Quite whether this will make any difference, though, is an open question. For while I am a firm believer in the fact that the automatic washing machine is one of the few consumer durables -- perhaps the only consumer durable -- to effect any significant improvement in the quality of life, I am aware, too, that the possession of such a machine, certainly in a country where more than 30 per cent of the population survives on less than $1 a day, remains the prerogative only of those with the economic wherewithal.

Automatic washing machines, and the powders that go with them, target the middle classes, and it will take decades of actually achieving the announced target of eight per cent economic growth annually before the middle classes can be safely assumed to constitute a numerically significant minority.

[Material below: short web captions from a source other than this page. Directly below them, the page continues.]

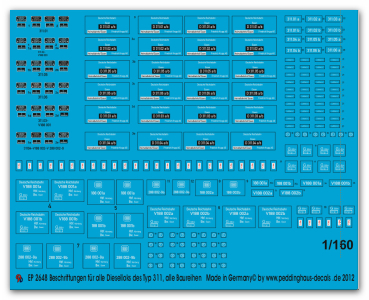 Peddinghaus-Decals  1:160 2648 Beschriftungen für alle Dieselloks des Typ D 311 alle Baureihen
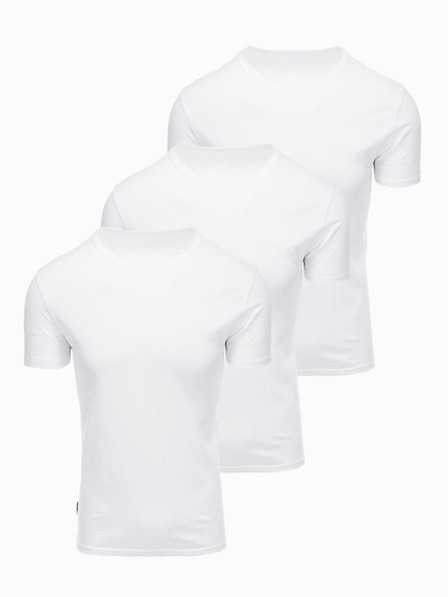 Ombre Clothing Muška pamučna majica BASIC s okruglim izrezom - 3x bijela V11 OM-TSBS-0268 (3x BIJELA) Ombre Clothing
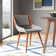 Almar Mid-Century Upholstered Dining Chair in Walnut Finish with Open Lower Back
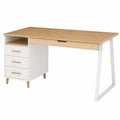 Escritorio de MDF y Metal con Cajones Blanco y Roble 120x60x75 cm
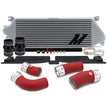 Mishimoto performance intercooler kit for 2024+ Toyota Tacoma 2.4L turbo, silver intercooler with wrinkle red pipes
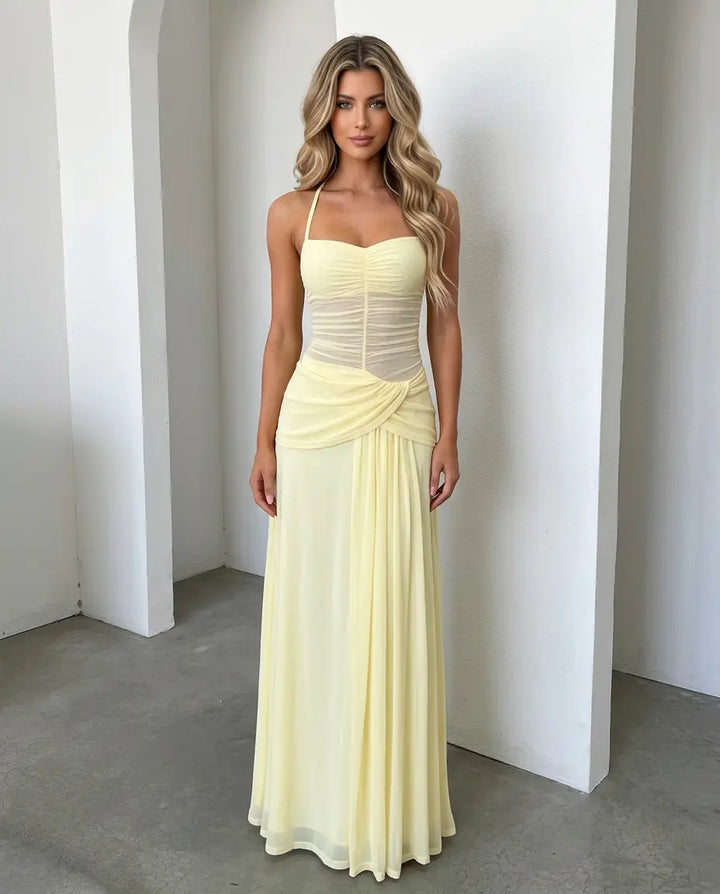 SOLACE  Yellow Halter Neck Mesh Ruched Backless Draped Maxi Dress 
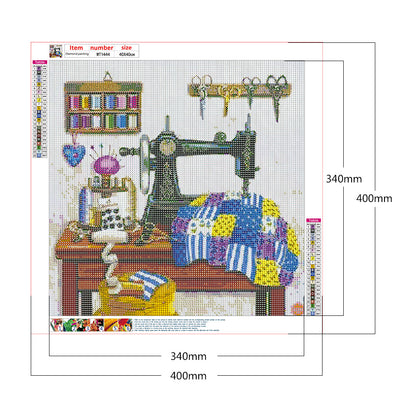 Sewing Machine - Full Round Drill Diamond Painting 40*40CM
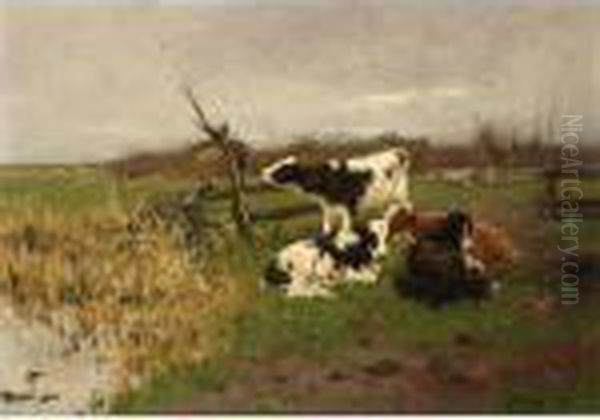 Calfs In A Landscape Oil Painting by Johan Frederik Corn. Scherrewitz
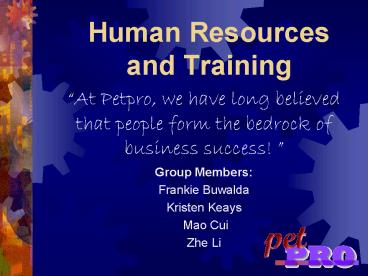 Human Resources and Training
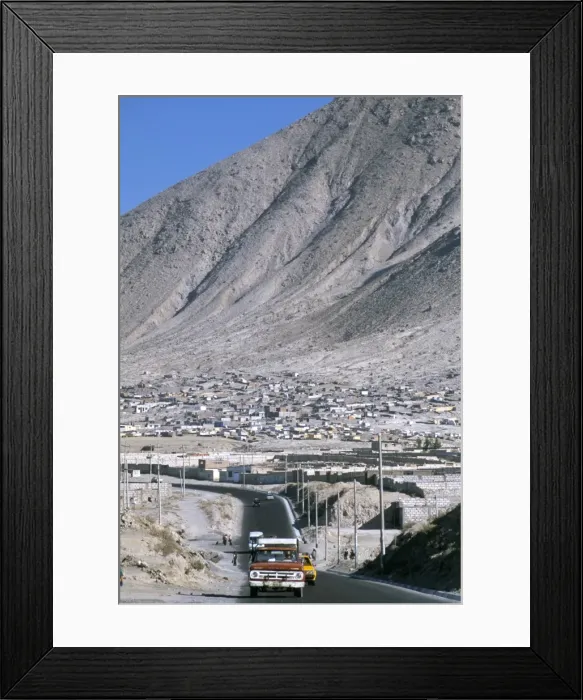 Framed Print : Road to Cuzco past Chachani volcano Framed Print : Road to Cuzco past Chachani volcano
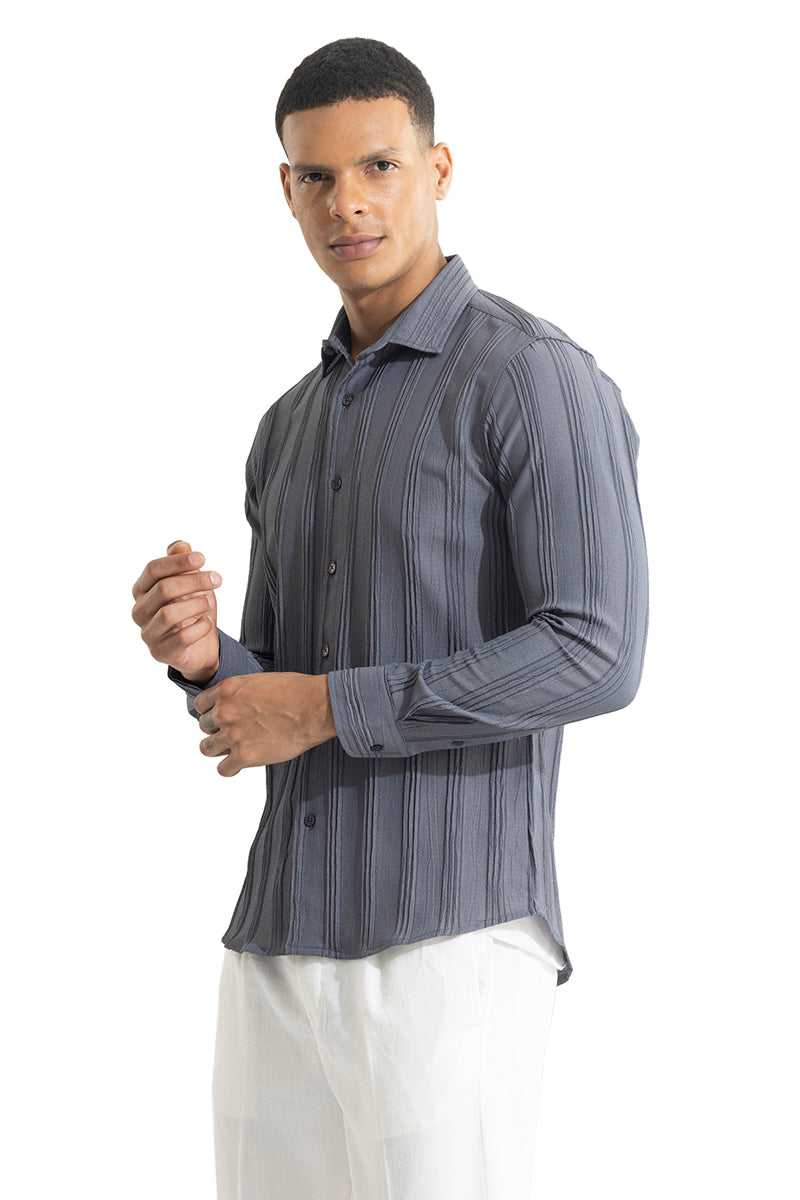 Streaking Striped Grey Shirt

Yet we might as well forget about class as an economic or political issue -- everyone else has, after all.

As the advertising industry has been quick to understand, class can be effectively repackaged -- is indeed, exclusively defined by the industry -- in terms of lifestyle. It is just that this repackaging process requires the identification of stereotypes, and to be successful, such stereotypes must, necessarily, convince.

Cleanliness, then, is next to godliness -- or held to be, by the middle classes at least. And as proof of what might otherwise seem a contentious statement, one need only look at the message emblazoned across the automatic washing powder market leader's box. All of which is a little disheartening for those who might like to believe that clean clothes do not automatically indicate an unblemished conscience, and that dirt beneath the fingernails might indicate -- and this, once upon a time, was the reverse side of the same, petit bourgeois, and oddly puritan, prejudice -- an honest days toil.

The fact is, though, that the great majority of those whose honest day's toil involves the dirtying of hands is unlikely to be possessed of sufficient means to interest the advertising industry, certainly not that section of the industry involved in the marketing of consumer durables. And such is the pervasiveness of our consumer-led morality that this simple economic fact has been allowed to reify into something far more disturbing than a set of demographic and economic statistics. It has acquired peculiarly moral overtones. Dirty equals poor equals undeserving. Clean equals middle class equals righteous.

It is not a set of equations that fits particularly comfortably with the realities of a third world economy. But then children who smear themselves in grease from used car batteries because they think it protects them rather than causing endless skin and respiratory problems during their (technically illegal) unpleasant, dirty jobs, have somehow become invisible, though they can be met in back streets all over the city.

Such, it seems, are the virtues of the dazzling whites produced by those stain-removing pearls. They dazzle so much that we can no longer really see.